Zimmerman defense stumbled into money trap

May 19, 2013

Sunday, May 19, 2013

ChrisNY~Laurie said,

Why haven’t we seen any reciprocal discovery? I’d like to see what the defense has turned over to the State. Do we not get to see reciprocal discovery?

The Defense has expert witness’ that they would like to call via video conferencing at the next hearing, and filed a motion for approval. Does the Judge approve or deny this motion before the next hearing date or wait and tell them during the hearing when she gets to that motion? I haven’t even seen a motion in reply from the State yet, so maybe they have no objections to this. I don’t see how they don’t considering the defense did not name these experts, unless they did through emails or something.

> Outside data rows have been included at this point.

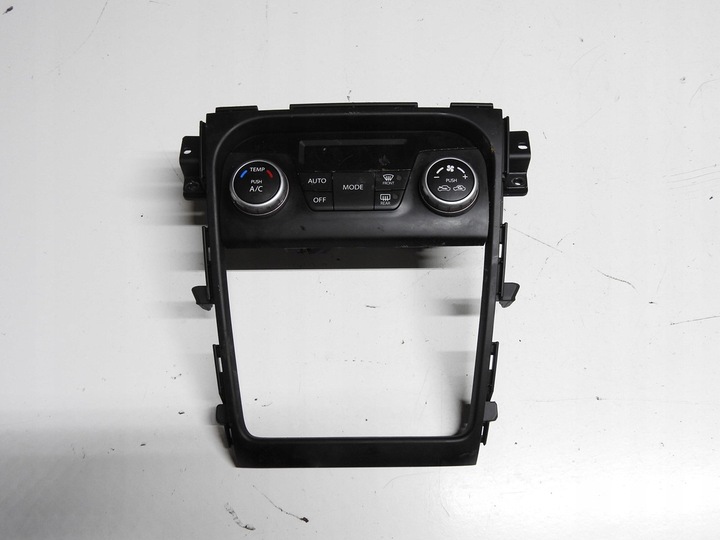фото №9, Suzuki sx4 панель кондиціонера 39510-55l00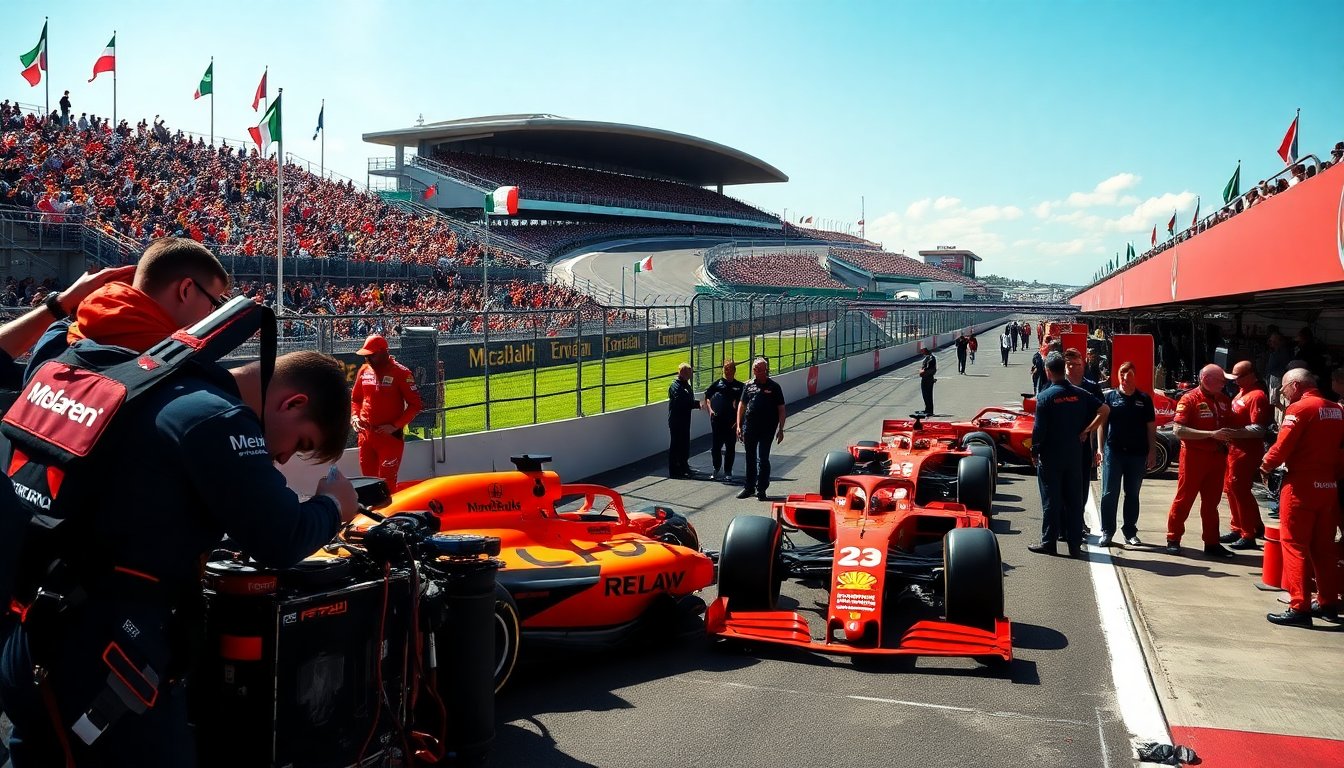 tutto cio che devi sapere sul gp ditalia 2025 a monza python 1757021439
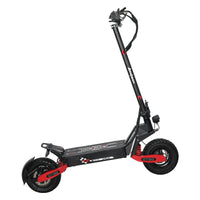 HKM-870227 Off-Road Electric Scooter with 1200W Motor, 27 MPH Speed, 11-Inch Tires, Long Range 15-25 Miles, Foldable Design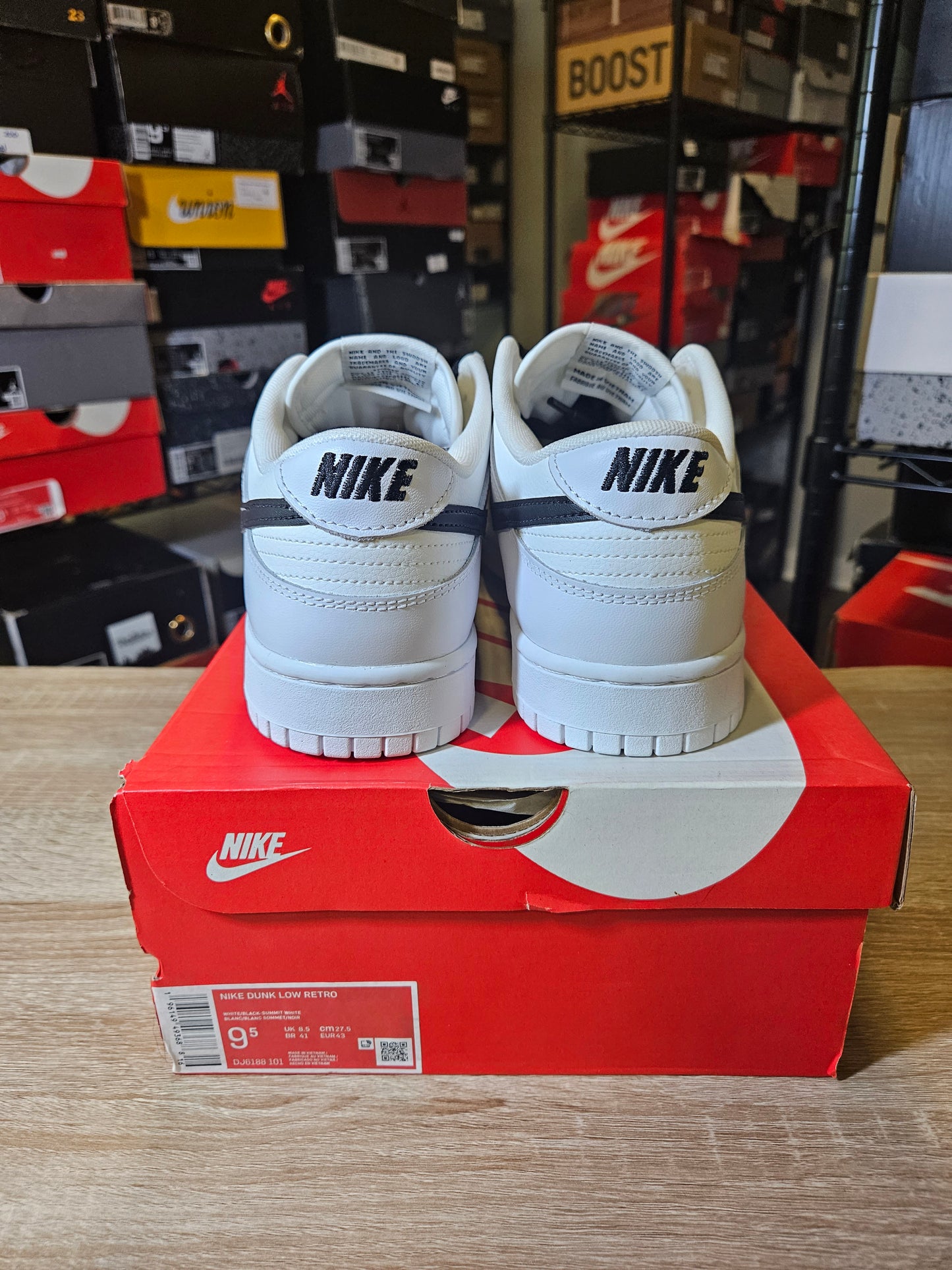 Size 9.5 - Dunk Low Reverse Panda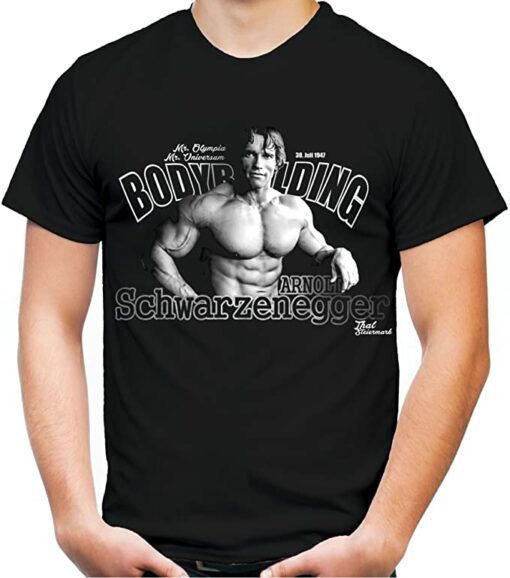 arnold schwarzenegger t shirt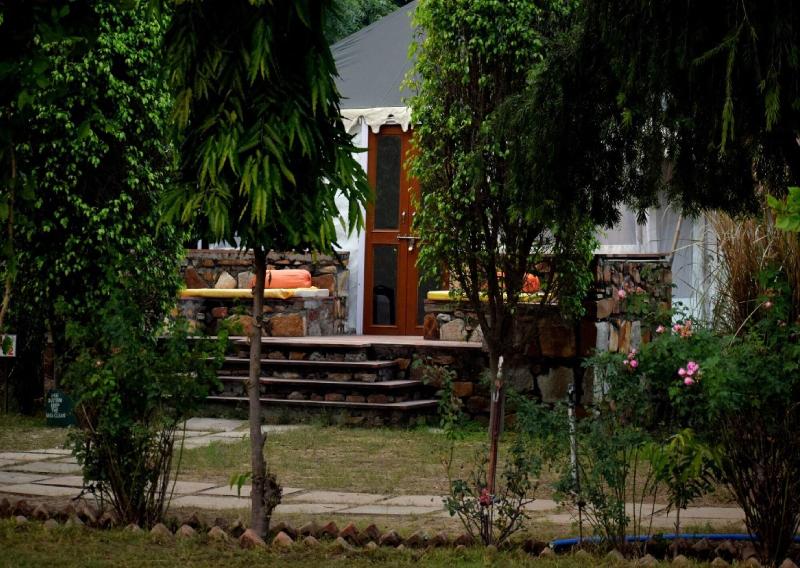 Sultan Bagh Ranthambore — general view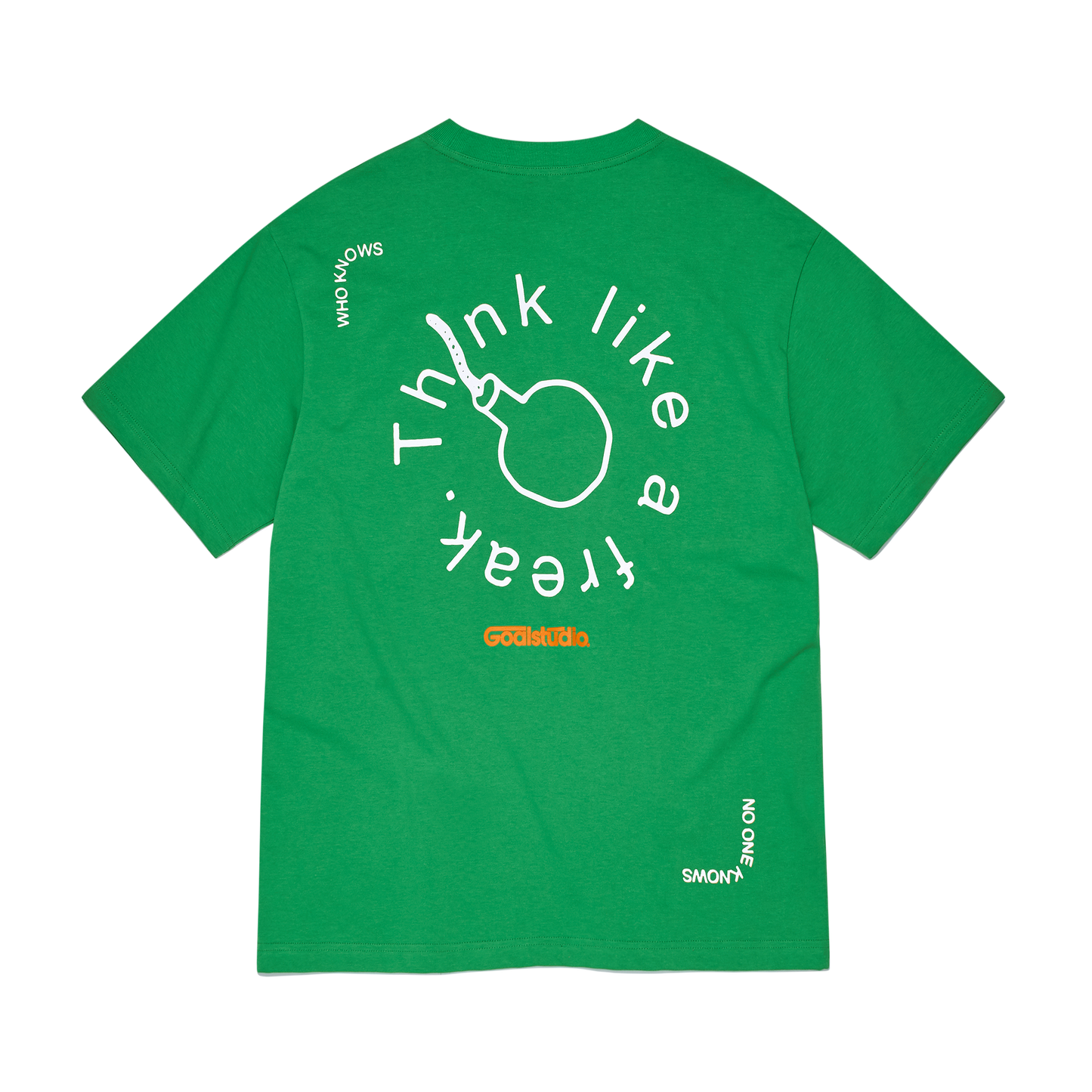 ゴールスタジオ フィアレス ビッグボム 半袖 Tシャツ グリーン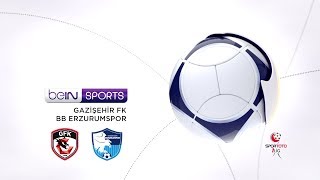 Gazişehir Gaziantep FK 4  5 BB Erzurumspor Özet [upl. by Eiramnaej]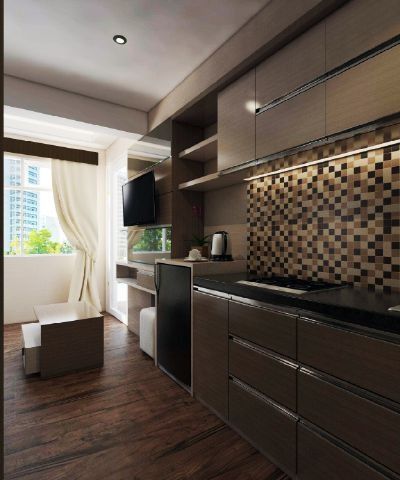 Apartemen The Jarrdin Bandung, Maxx Details Maxx Details 모던스타일 주방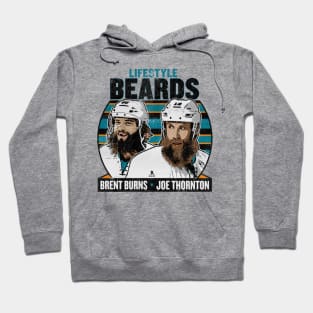 Brent Burns Seattle Lifestyle Beards Hoodie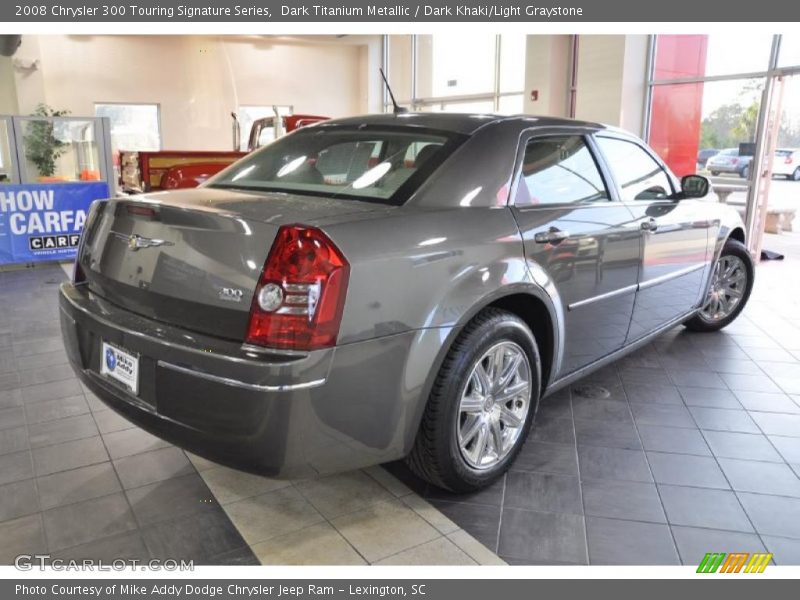 Dark Titanium Metallic / Dark Khaki/Light Graystone 2008 Chrysler 300 Touring Signature Series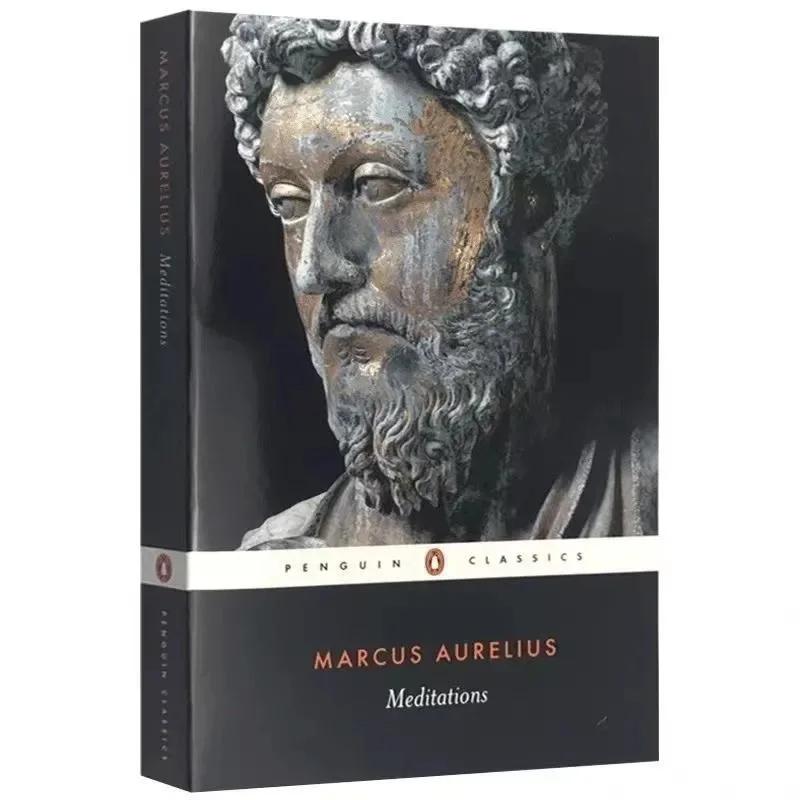 Медитации Марка Аврелия на английском языке, книга в мягкой обложке Meditations-1Book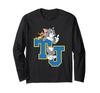 Tom and Jerry TJ T-shirt Long Sleeve T-shirt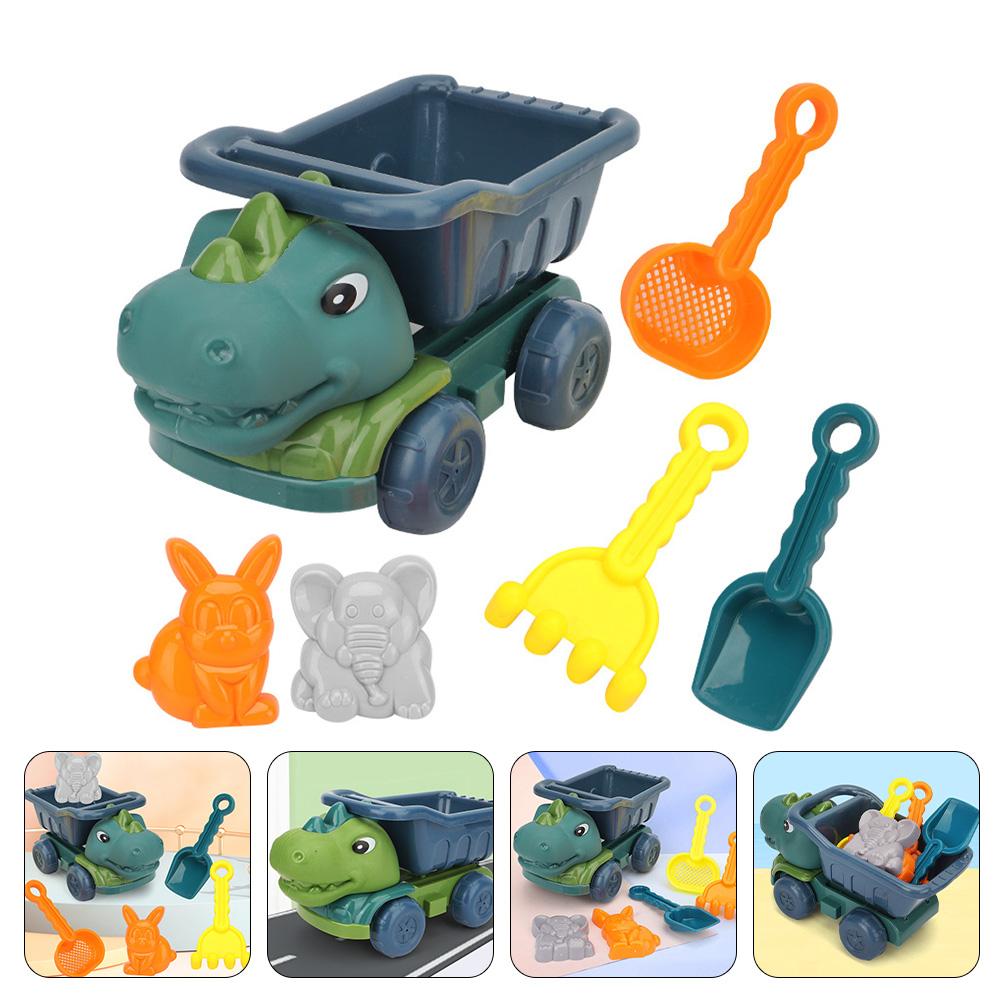 Fango Modellazione S Sabbia Spiaggia Bambini Set Scavare All'aperto Dinosauro Castello Sandbox Gioca Bambini Stampo Giocare Per Giardinaggio Bambino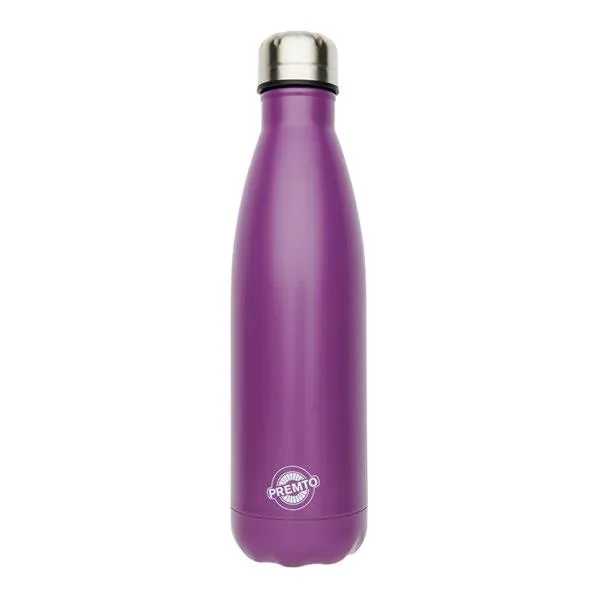 Premto 500ml Stainless Steel Water Bottle - Grape Juice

Let’s not place the cart before the horse. Judge Nelson first has to decide whether to grant the defense motion for a Frye hearing. She will decide that motion at the hearing on May 28th.

I do not believe she will grant the motion because O’Mara has not made a proper showing. He needs affidavits from experts asserting that the technology/methodology used by the prosecution’s experts is not generally accepted in the relevant scientific community (i.e., audiologists). He hasn’t done that.

If she were to grant the motion, however, I do not believe she would conduct it via video conferencing. Cross examining someone on a video screen is not the same as cross examining them in person when the witness is not on his own turf with support at the ready off camera. I do not believe Bernie de la Rionda would agree to O’Mara’s request. I certainly would object if I were the prosecutor. I do not believe Judge Nelson would grant O’Mara’s request over de la Rionda’s objection.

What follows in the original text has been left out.